Question

Prove phythagoras theorem

Answer 1

consider a right angle triangle ABC , right angled at B .
in triangle ABC ,
SINθ = AB / AC
COSθ = BC / AC
by squaring and adding both sides
SIN^2 Θ + COS^2 Θ = (AB / AC) ^2 + (BC /AC)^2
1 = (AB^2 + BC^2) / AC^2
AC^2 = AB^2 + BC^2
as AC is H , AB is P & BC is B of triangle ABC
therefore H^2 = P^2 + B^2

Answer 2

Kindly refer the attachment which I had inserted above.

Assurance: 100% Reliable and of my own and not copied from other sources

Statement:
In a right angled triangle the square of hypotenuse is equal to the sum of the squares of the other two sides.

Given:
In a right angled triangle, ABC, A is the right angle.

To prove:
BC×BC = AB×AB + AC×AC

Construction:
Draw AD perpendicular to BC.

Proof:
In right triangle ABC and DBA, B is the common angle. And also we have angle A and angle D is right angle.

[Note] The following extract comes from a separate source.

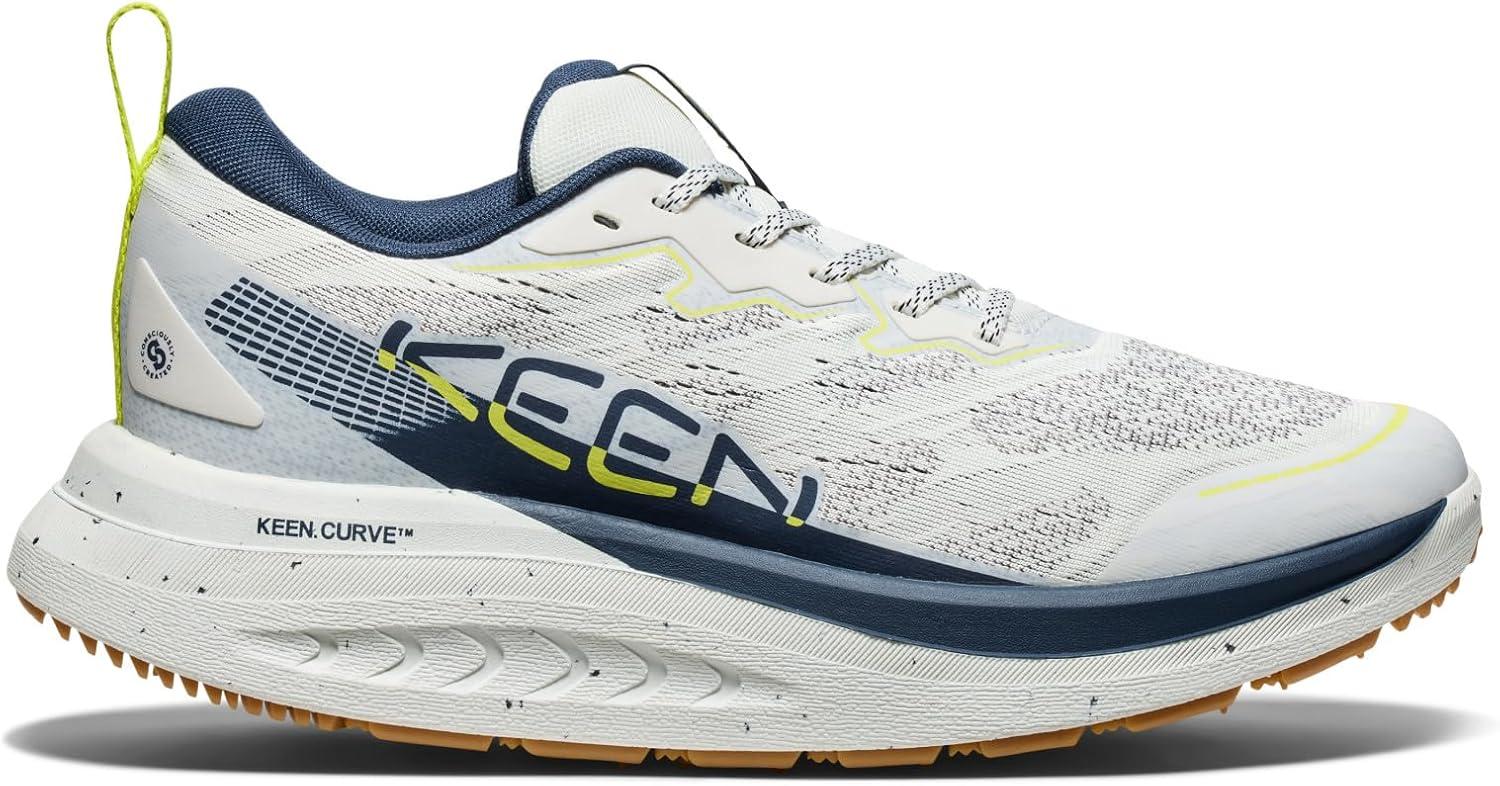 image:imageKEEN Mens Wk400 II Walking ShoeStar WhiteNaval Academy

By AA similarity Criterion,
∆ABC ~ ∆DBA

As their sides are proportional,

Hence, AB/DB = BC/BA
AB × AB = DB × BC. ====> 1

Similarly, we have ∆ABC ~ ∆DAC,

Thus,. BC/AC = AC/DC

AC×AC = BC × DC. =====> 2

By adding 1 and 2,

(AB×AB) + (AC× AC) = (BD×BC) + (BC×DC)

= BC ( BD + DC )

= BC ( BC)

Thus, BC×BC = AB×AB + AC×AC.

Hence the Pythagoras theorem.